Bhavna Maheriya, who handles the energy and climate change portfolio at the nonprofit Mahila Housing Trust, which works with women from low-income households on climate resilience, says it has piloted at least half a dozen low-cost cost cooling solutions, including white solar reflective paints, but the lack of government subsidies means locals aren’t ready to embrace them despite facing the worst of brutal summers.
The lack of any serious attempts so far to scale up climate-resilient infrastructure is lamentable, says J. Srinivasan, distinguished scientist at the Divecha Center for Climate Change. “We can’t wait for the temperatures to rise any further, or we will run into an energy shortage crisis for cooling. Unfortunately, politicians don’t see it as an urgency, and they forget about it until the problem repeats like a cycle next year,” he says.

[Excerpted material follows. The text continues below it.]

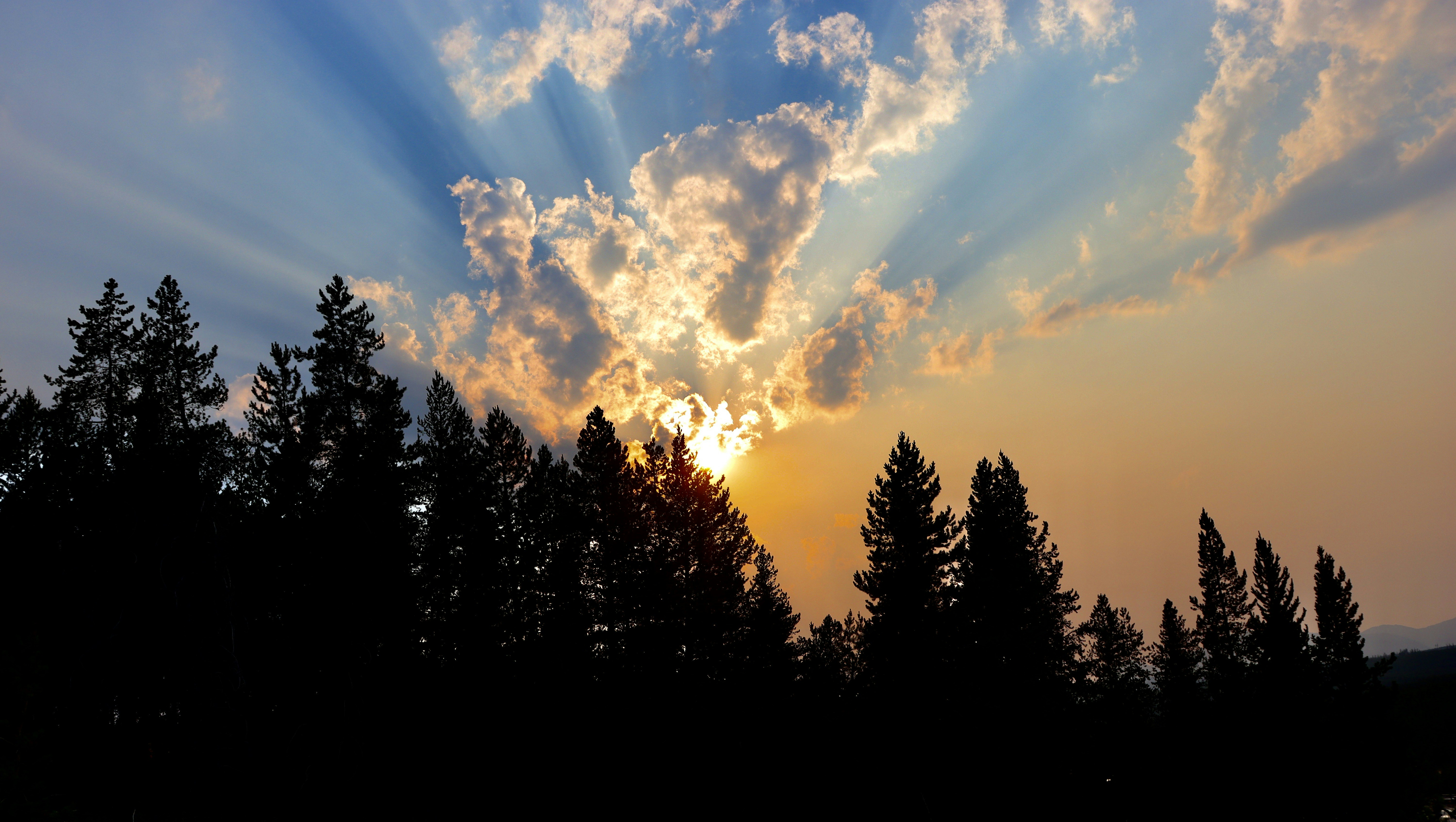 Photo by _bad_llama_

But with simpler, more affordable solutions, like Mitticool’s fridge, the public are striding ahead with adoption. Founder Prajapati says they move thousands of units each day. Even during nonsunny seasons, the artisanal value, sentimental attachment, and environmental appeal of their products are enough to keep their production lines rolling, he says. Sales of their refrigerator and similar products have reached such a level that the Indian government has created a standard for nonelectric cooling cabinets.
Prajapati is proud to be able to help others with a useful and affordable solution. “I have seen rough times in my life,” he says. “I won’t wish the same for others struck by poverty and deadly heat.”